Quintana (blanco), Lázaro Salazar como manager-jugador; Miguel Solís y Huesito
Vargas.

Un
solo dominicano, Enrique Lantigua y el boricua Orlando “Perucho” Cepeda, padre
de Peruchín, integraron la novena que fue la unión de los clubes de la capital
Escogido y Licey.

Así
se formó, en honor al dictador y con su dinero, el mejor club quisqueyano de
todos los tiempos: Los Dragones de Ciudad Trujillo.

Las
Aguilas Cibaeñas tuvieron como principales estrellas al pitcher Chet Brewer,
que perdió un juego contra Paige 2-4 sin permitir hits y a los cubanos Santos
Amaro, Martín Dihigo, Luis Tiant padre; además, Juan Estando “Tetelo” Vargas,
estrella dominicano de la época.

La
presencia cubana en las Estrellas Orientales fue con Julio Rojo, Pedro Arango,
Carlos Blanco, Ramón Bragaña, Yoyo Díaz, Cocaína García, Alejandro Oms, Javier
Pérez y Rogelio Terán.

El
calendario de juegos fue entre marzo 28 y julio 11 y lo ganaron los Dragones,
que estuvieron 0-3 en las primeras tres de 7 series que jugaron; pero
terminaron con 18-13 y las Aguilas con 13-15.

Josh
Gibson fue el champion bate con .453 y 21 empujadas; Làzaro Salazar llegó
delante en triples con 5 y en anotadas con 31; Silvio García metió 14 biangulares,
disparó 38 hits y compareció 128 veces al home plate; mientras que Dihigo y
Santos Amaro se abrazaron con 5 jonrones cada uno.

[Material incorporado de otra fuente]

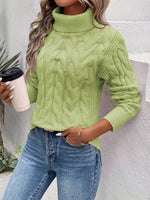 Verde chiaro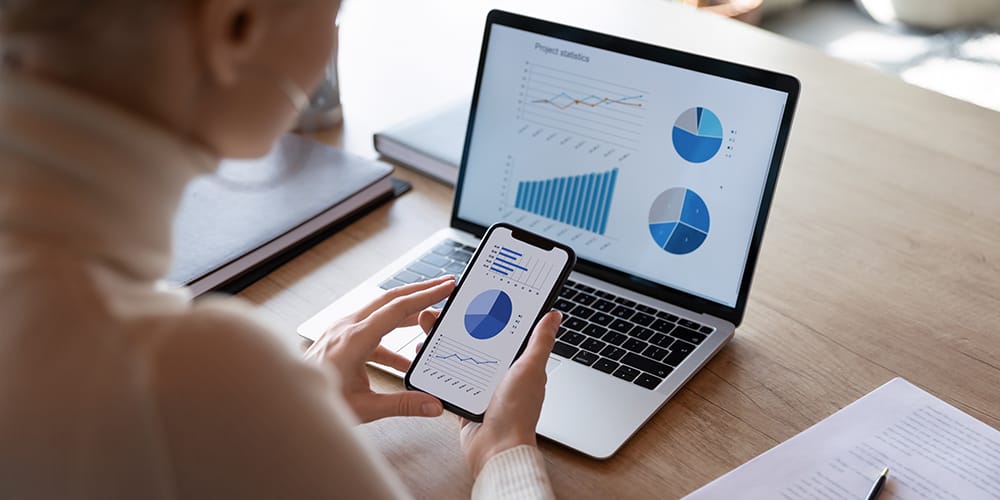 Adobestock 359512959 Blog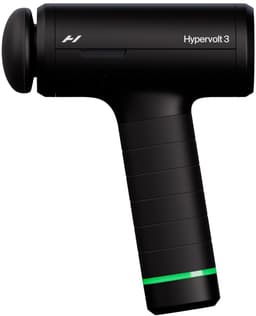 Hyperice Hypervolt 3 — thumbnail 1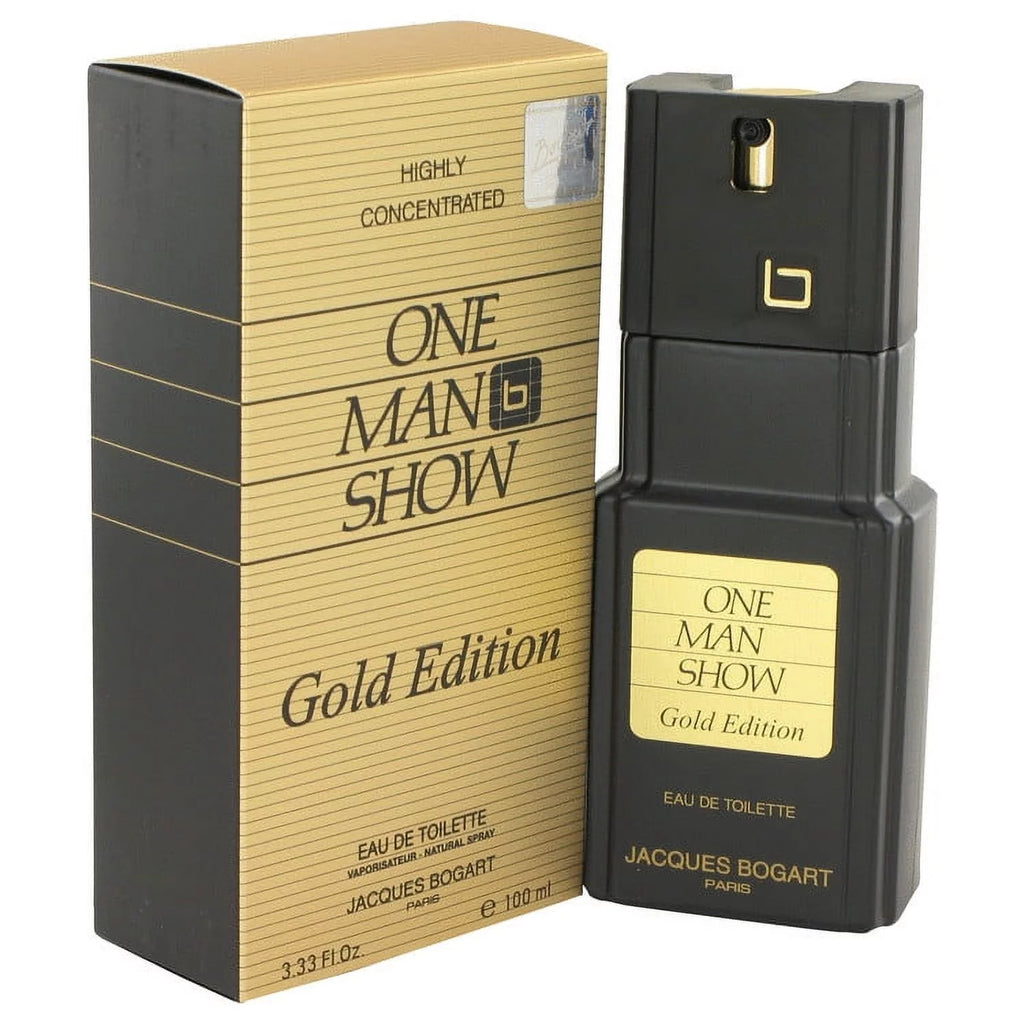 Eau De Toilette Spray 3.3 oz J793205
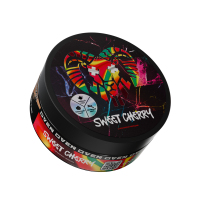 OVEN - Sweet cherry (�������) 100 �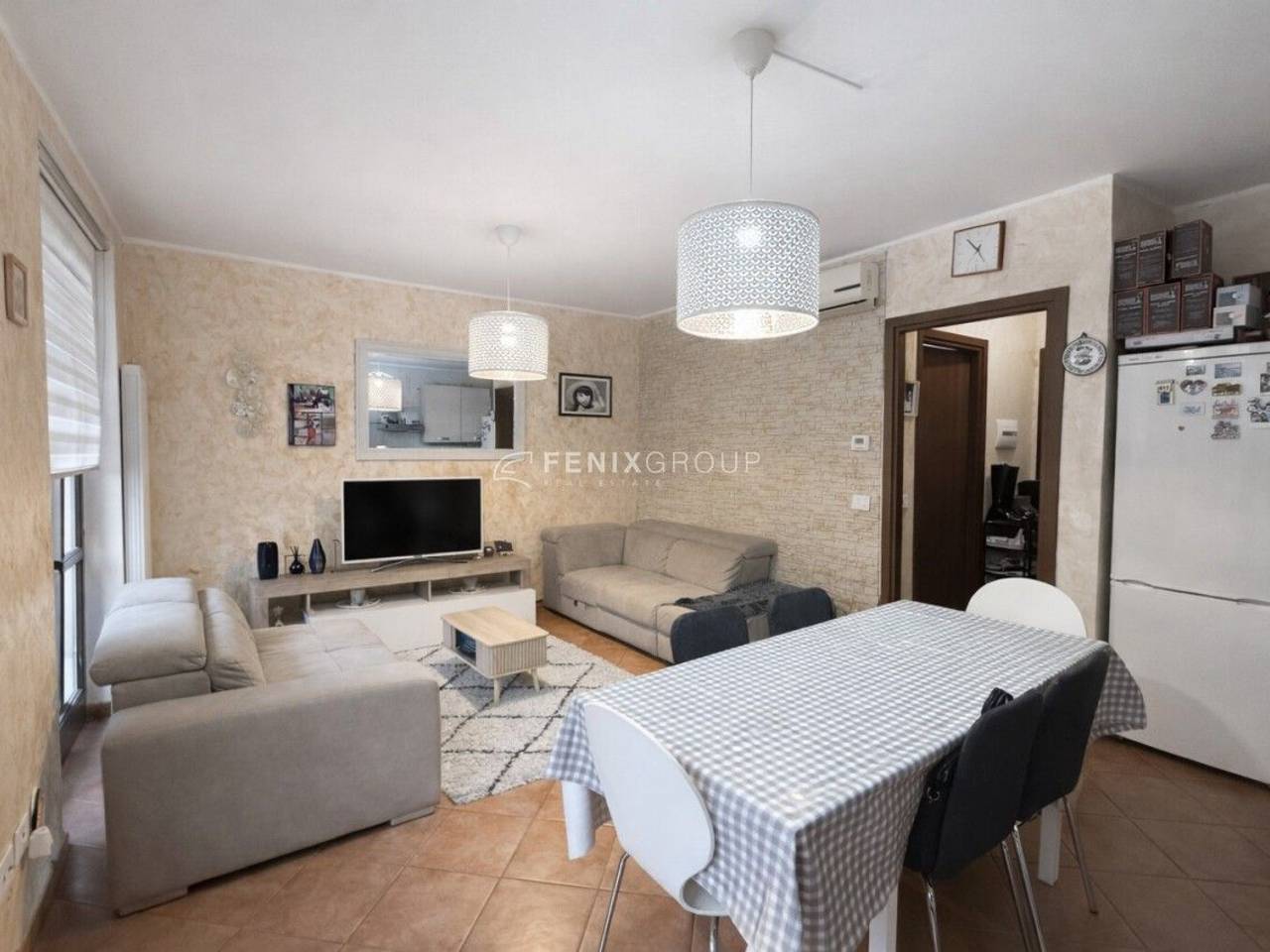 immagine annuncio 2 di 14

Satchel Paige terminó con
8-2 y Don Martín con 6-4.

Esa
campaña fue la última del beisbol en Dominicana durante 14 años; la caída del
precio del azúcar y otros problemas económicos adversos provocó la ausencia.
Cuando regresó, en 1951, por iniciativa de Tiant Tineo, de nuevo se copó de
cubanos, pero descartados del Champion Invernal o del Beisbol Organizado.

Si no
observa en las relaciones de jugadores a Marrero, a Consuegra, a Isidoro León,
a Natilla Jiménez, a Luis Suárez, a Napoleón, a Félix del Cristo, a Virgilio
Arteaga, a Jorocón García, a Fleitas, a Roberto Ortiz, a Agapito Mayor, a
Adrián Zabala… entre más de 50 estrellas, es porque pertenecían al circuito
amateur; si tampoco a Estalella, ni a Fermín Guerra, ni a Gilberto Torres, ni a
Juan Montero ni tal vez otros casi 100 profesionales blancos, fue porque
pertenecían al Beisbol Organizado.

Con
esta historia, ¿Acaso cree alguien que, ni metafóricamente, esa yerba fue verde
alguna vez después de 1961?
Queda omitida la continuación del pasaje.